Looking at therapy sequence in those who had the same type of systemic therapy, but with chemotherapy before or after surgery, you see a suggestion that giving systemic therapy first with a clinical response, which is a favorable prognostic indication, leads to a selection bias in choosing patients for surgery.

I reviewed the 86 cases who survived 5 years with records available. In those records, 22 were actually not stage IV disease, leaving 64 with confirmed stage IV (M1) – an overall 10% 5-year survival rate. Patients who survived were significantly younger than those who did not survive, significantly more likely to have estrogen receptor-positive tumors, and significantly more likely to have bone rather than visceral metastases or oligometastatic disease – all of which are good prognostic factors.

Among the 64 5-year survivors, 25 had therapeutic breast surgery. Of these, 8 had an excellent chemotherapy response followed by breast surgery; 8 had delayed surgery following a failure of systemic therapy; 7 had an initial therapeutic and curative surgery, but staging revealed metastases because of unexpected positive nodes; and 2 had initial surgery with oligometastatic resection.

Thirty-nine patients had no therapeutic breast surgery, and, of these, 16 had an excellent response to systemic therapy; 15 had slowly progressive disease; and 8 had oligometastatic disease – a positive prognostic factor. Thus, favorable prognostic factors led to a selection of primary-site surgery, whereas poor prognostic factors mean that primary-site surgery was avoided, contradicting the assumption of its therapeutic benefit.

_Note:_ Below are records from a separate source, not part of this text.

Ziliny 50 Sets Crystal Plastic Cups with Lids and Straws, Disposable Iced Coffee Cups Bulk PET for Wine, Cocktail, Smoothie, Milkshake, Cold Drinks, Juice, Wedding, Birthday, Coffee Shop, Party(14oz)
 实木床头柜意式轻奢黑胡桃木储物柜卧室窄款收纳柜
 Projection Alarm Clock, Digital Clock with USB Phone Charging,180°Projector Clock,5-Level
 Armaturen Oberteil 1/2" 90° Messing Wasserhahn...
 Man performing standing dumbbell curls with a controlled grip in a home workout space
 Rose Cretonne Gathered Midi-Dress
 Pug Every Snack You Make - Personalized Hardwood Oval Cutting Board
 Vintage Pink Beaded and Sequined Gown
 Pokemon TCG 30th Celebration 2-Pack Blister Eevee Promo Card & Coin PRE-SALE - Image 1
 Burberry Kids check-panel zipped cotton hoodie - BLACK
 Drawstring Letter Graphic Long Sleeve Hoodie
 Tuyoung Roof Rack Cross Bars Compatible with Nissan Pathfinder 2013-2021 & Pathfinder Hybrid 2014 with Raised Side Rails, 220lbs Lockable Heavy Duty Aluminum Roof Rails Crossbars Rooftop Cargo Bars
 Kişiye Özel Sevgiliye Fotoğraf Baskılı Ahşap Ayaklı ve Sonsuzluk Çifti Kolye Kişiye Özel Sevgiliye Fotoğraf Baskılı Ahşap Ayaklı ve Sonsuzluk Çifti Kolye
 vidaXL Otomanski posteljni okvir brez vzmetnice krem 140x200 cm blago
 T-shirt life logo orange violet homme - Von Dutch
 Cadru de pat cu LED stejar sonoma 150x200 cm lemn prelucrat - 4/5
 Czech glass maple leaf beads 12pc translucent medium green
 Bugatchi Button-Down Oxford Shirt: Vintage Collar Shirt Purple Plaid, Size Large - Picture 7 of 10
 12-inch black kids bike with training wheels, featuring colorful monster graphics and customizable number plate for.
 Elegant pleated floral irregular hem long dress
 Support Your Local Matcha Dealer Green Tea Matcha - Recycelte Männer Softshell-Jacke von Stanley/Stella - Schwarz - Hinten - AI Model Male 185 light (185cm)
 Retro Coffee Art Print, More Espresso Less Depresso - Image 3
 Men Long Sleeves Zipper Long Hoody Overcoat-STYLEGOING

There were also surgical discrepancies among the 5-year survivors. The registry listed 11 as having had breast surgery, while a chart review showed that surgery was not therapeutic. Five were listed as having no breast surgery, while they had indeed undergone a therapeutic operation.

Cancer registry data are not reliable for defining stage IV disease, discriminating advanced local disease with bone involvement from true distant, imaging-confirmed metastasis, or assessing surgical procedures. Case selection bias accounts for most, if not all, of the apparent survival advantage.

Dr. Blake Cady is professor of surgery (emeritus) at Harvard Medical School, Boston, and at Brown University, Providence, R.I.